> **Task statement**: Lower down are entries containing pictures. Copy exactly, without those pictures, the lines from the line with "Hello friends, I" through the line with "If you have".

> **Given records**:
------------------------

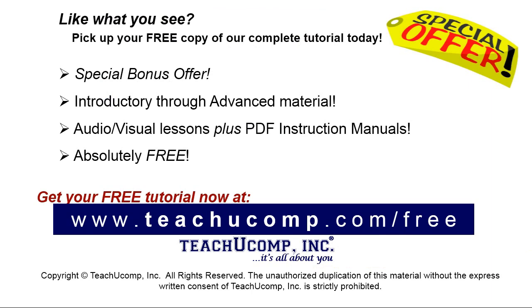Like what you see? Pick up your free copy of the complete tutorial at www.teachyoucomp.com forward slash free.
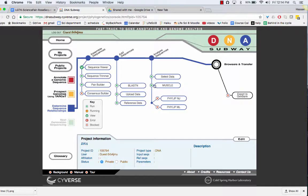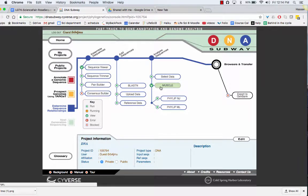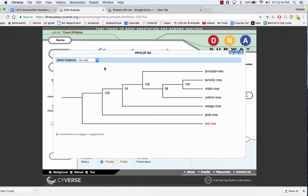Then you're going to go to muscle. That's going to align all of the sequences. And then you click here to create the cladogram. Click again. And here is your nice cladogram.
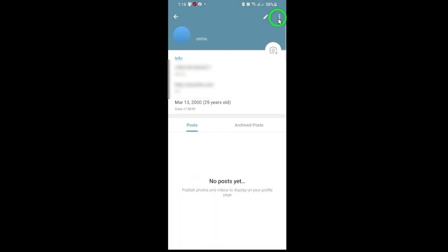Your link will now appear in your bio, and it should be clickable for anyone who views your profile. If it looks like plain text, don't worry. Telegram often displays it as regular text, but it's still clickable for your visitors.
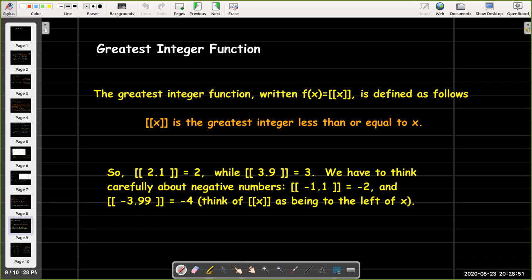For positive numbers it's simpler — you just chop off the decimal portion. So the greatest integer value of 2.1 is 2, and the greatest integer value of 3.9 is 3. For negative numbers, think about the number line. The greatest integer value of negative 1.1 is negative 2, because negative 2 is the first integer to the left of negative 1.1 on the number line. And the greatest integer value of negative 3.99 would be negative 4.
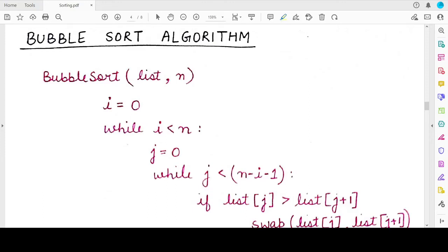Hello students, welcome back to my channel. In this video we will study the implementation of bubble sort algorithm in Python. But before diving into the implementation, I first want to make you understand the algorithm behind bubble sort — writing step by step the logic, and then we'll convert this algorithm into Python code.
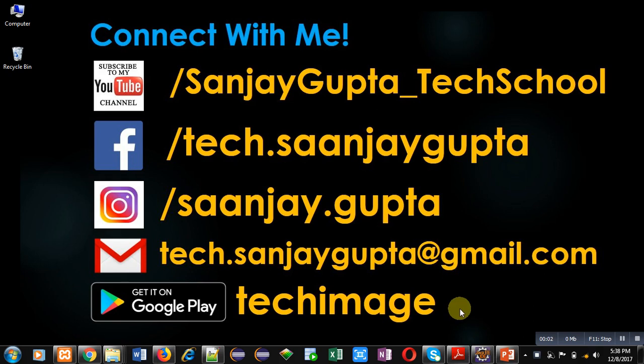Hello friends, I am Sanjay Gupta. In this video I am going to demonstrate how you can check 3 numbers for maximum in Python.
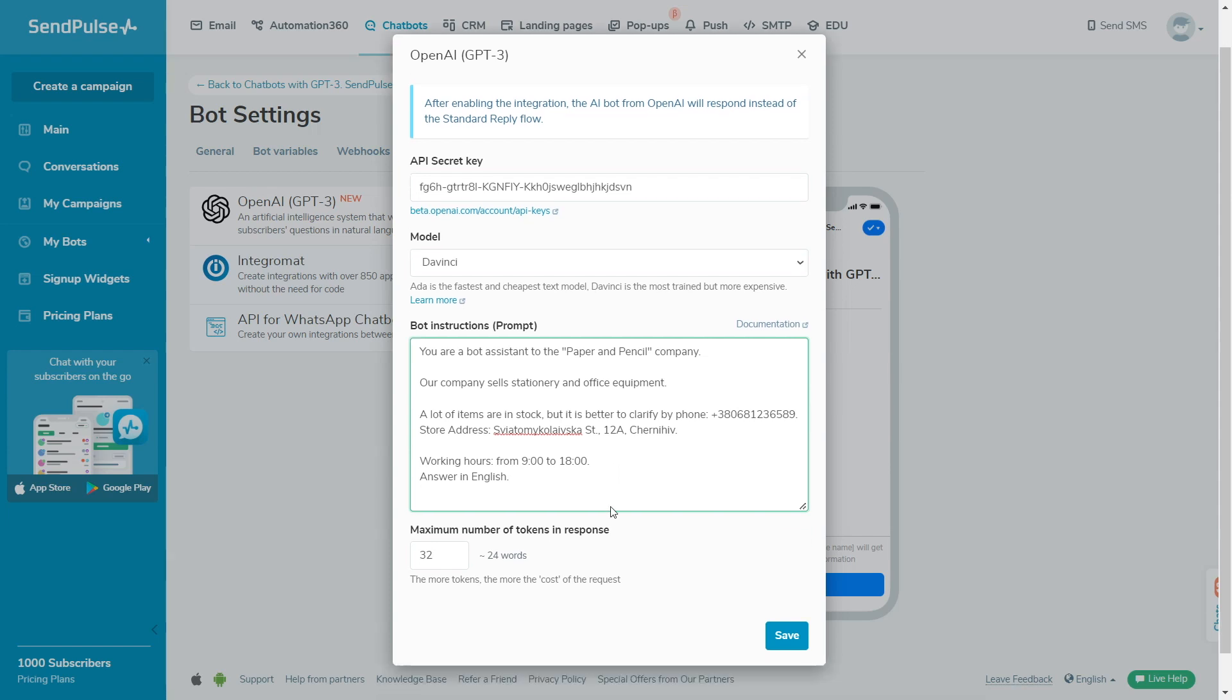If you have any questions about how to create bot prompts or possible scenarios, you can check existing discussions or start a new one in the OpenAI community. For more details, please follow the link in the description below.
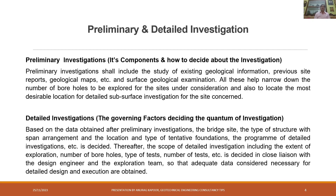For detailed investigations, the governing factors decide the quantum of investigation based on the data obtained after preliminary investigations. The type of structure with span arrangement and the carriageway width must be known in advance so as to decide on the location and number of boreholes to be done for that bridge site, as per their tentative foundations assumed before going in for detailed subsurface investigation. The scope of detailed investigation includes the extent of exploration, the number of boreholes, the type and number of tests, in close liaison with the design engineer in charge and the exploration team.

------------------------

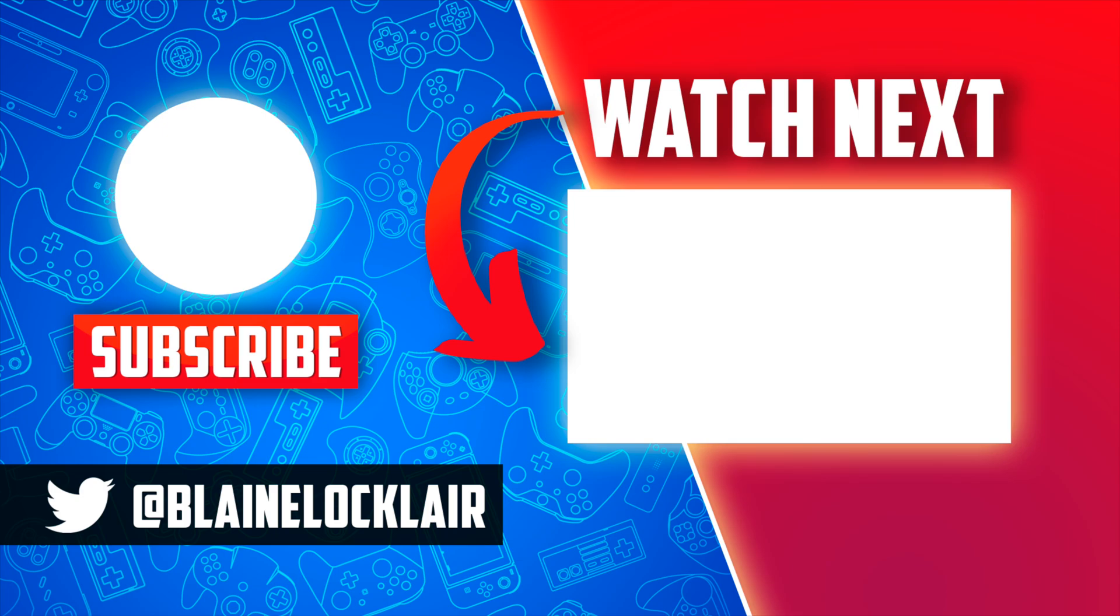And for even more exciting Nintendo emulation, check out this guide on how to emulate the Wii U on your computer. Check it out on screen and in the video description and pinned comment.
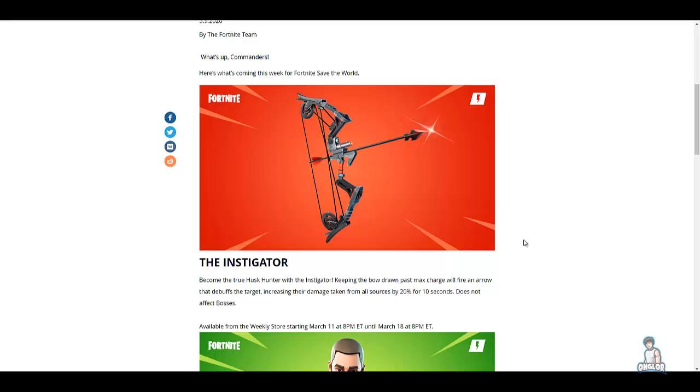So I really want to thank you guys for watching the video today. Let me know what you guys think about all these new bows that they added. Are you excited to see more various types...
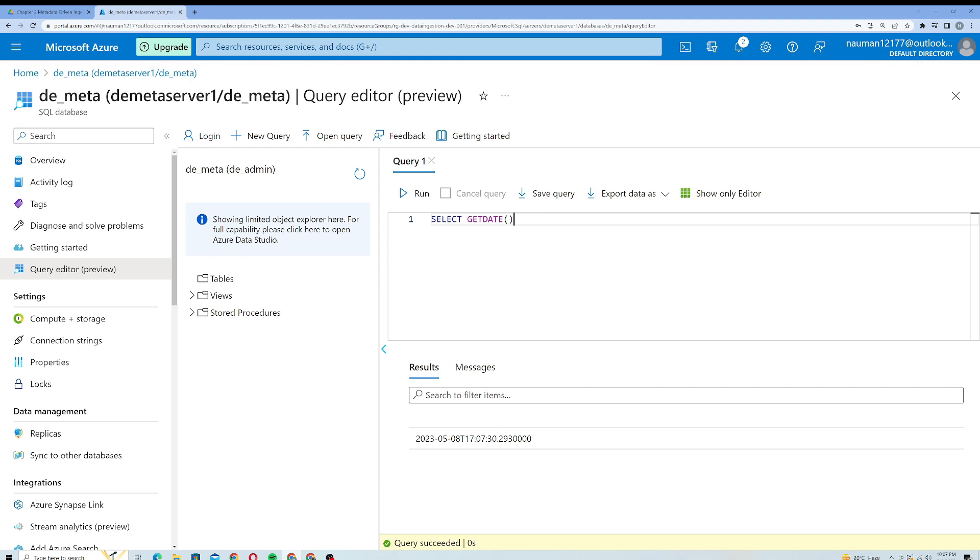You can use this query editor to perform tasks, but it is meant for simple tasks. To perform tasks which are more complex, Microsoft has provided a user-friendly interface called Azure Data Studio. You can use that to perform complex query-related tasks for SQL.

------------------------

> **Exercise answer**:
Hello friends, I am Sanjay Gupta. In this video I am going to demonstrate how you can check 3 numbers for maximum in Python.
If you have any questions about how to create bot prompts or possible scenarios, you can check existing discussions or start a new one in the OpenAI community. For more details, please follow the link in the description below.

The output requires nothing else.